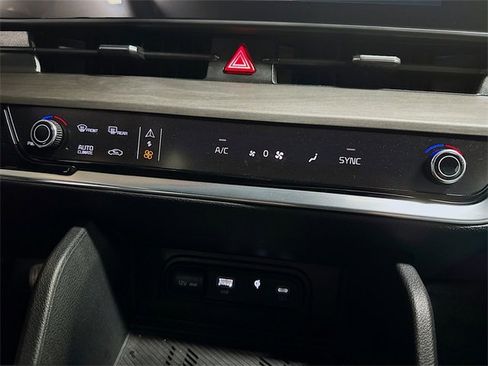 Used 2024 Kia Sportage X-Line w/ X-Line Premium Package image 22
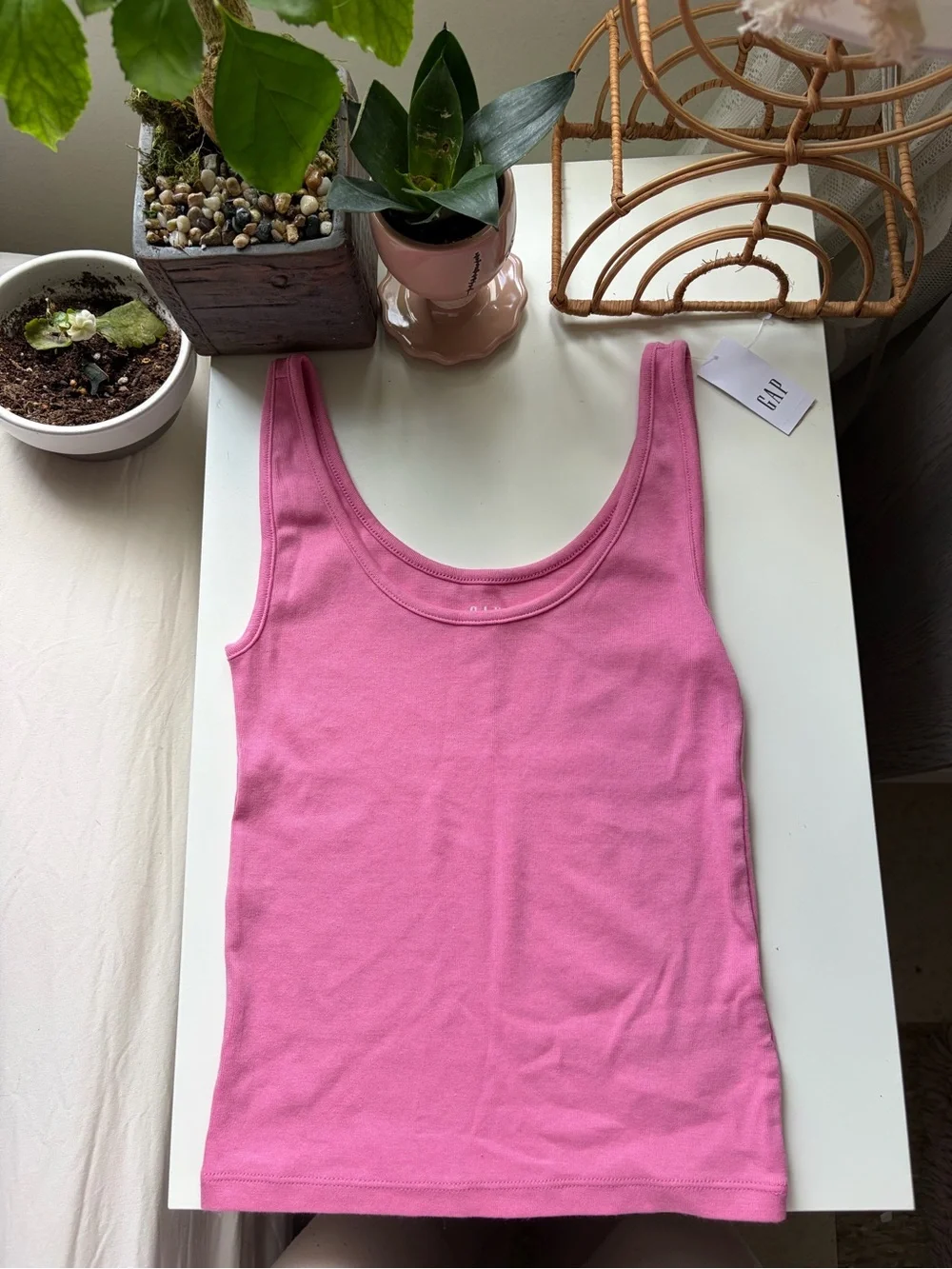 GAP Pink Ribbed Tank Top - Picture 1 of 3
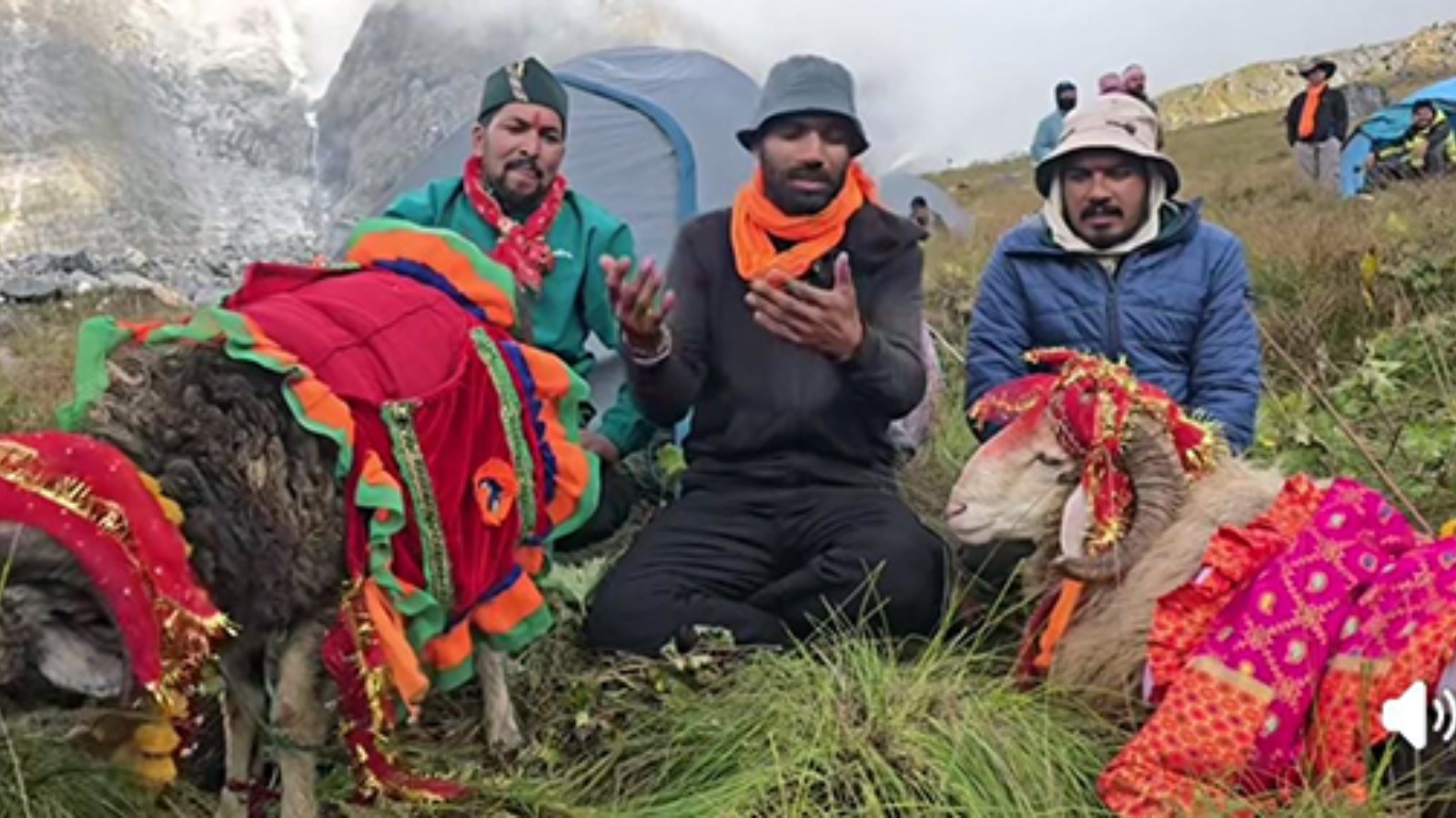 होमकुंड में बड़ी पूजा के बाद तीन चौसिंगा खाड़ुओं की कैलाश विदाई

**ACTIVITY:**
Only the listing above, set down exactly and without pictures, belongs in the answer.

**COMPLETED EXERCISE:**
 Used 2024 Kia Sportage X-Line w/ X-Line Premium Package image 22
 GAP Pink Ribbed Tank Top - Picture 1 of 3
 होमकुंड में बड़ी पूजा के बाद तीन चौसिंगा खाड़ुओं की कैलाश विदाई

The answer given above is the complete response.